Personal retirement savings, another pillar of the US retirement system, are woefully inadequate for most households, partly because the decades-long stagnation in median wages has made it difficult to save. According to a recent study, one-third of Americans aged 45-54 have nothing saved specifically for retirement. Meanwhile, three-quarters of near-retirees – those aged 50-64 – have annual incomes below $52,201 and average total retirement savings of less than $27,000.
The United States relies on generous tax incentives to encourage personal retirement savings, but these incentives are poorly targeted and yield limited returns. More than 80% of the value of these incentives goes to the top 20% of taxpayers, who earn more than $100,000 a year. Moreover, while the incentives cost the US Treasury nearly $100 billion annually, they induce little new saving; instead, they cause high-income taxpayers to shift their savings to tax-advantaged assets – a major reason why President Barack Obama proposes capping the tax deduction for retirement saving.
A more radical proposal would convert the tax deduction into a means-tested and refundable matching government contribution – deposited directly into a taxpayer’s individual retirement account (IRA). Taxpayers are more responsive to matching incentives than they are to tax incentives, because the former are easier to understand and more transparent.
Tyson argues that reforms like automatic enrollment would be more effective than the retirement tax expenditures.
Lack of coverage in employer-based plans and insufficient personal savings leave more than one-third of all households (and more than 75% of low-income households) entirely dependent on Social Security for their retirement income. And, because Social Security replaces only about 40% of pre-retirement income for low-wage workers and less than a third for median-wage workers, those who rely on it as their sole source of income live at or below the poverty line. (Replacement rates in other developed countries are in the 70% range, compared to a benchmark of 80% recommended by retirement experts.
Addressing the looming retirement crisis in the US requires increasing worker coverage in employer-based plans. Here, automatic enrollment, unless workers opt out, has proved effective, boosting employee participation to more than 90%. Indeed, recent research indicates that automatic enrollment is much more effective than tax incentives for increasing retirement saving.
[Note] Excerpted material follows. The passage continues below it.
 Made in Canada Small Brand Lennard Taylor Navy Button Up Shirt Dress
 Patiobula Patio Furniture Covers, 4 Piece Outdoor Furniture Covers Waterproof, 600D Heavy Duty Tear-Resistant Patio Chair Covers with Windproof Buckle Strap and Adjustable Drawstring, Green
But many employers do not offer retirement plans, while almost all workers are eligible for tax-advantaged IRAs. As Obama has proposed, employers that do not offer retirement plans should be required to offer automatic contributions to their workers’ IRAs through regular payroll deductions. Matching government contributions should be used in lieu of, or in addition to, tax deductions to encourage low-income workers to participate.
Lawmakers may decide that retirement tax expenditures justify their cost or might choose to use alternative methods to promote retirement saving. Either way, these tax expenditures should at least be reviewed in comprehensive tax reform, as the House Ways and Means Committee and Senate Finance Committee have begun to do. With an overly complex and inefficient tax code, not all tax expenditures need to be eliminated, but all should be examined to see if they justify their costs.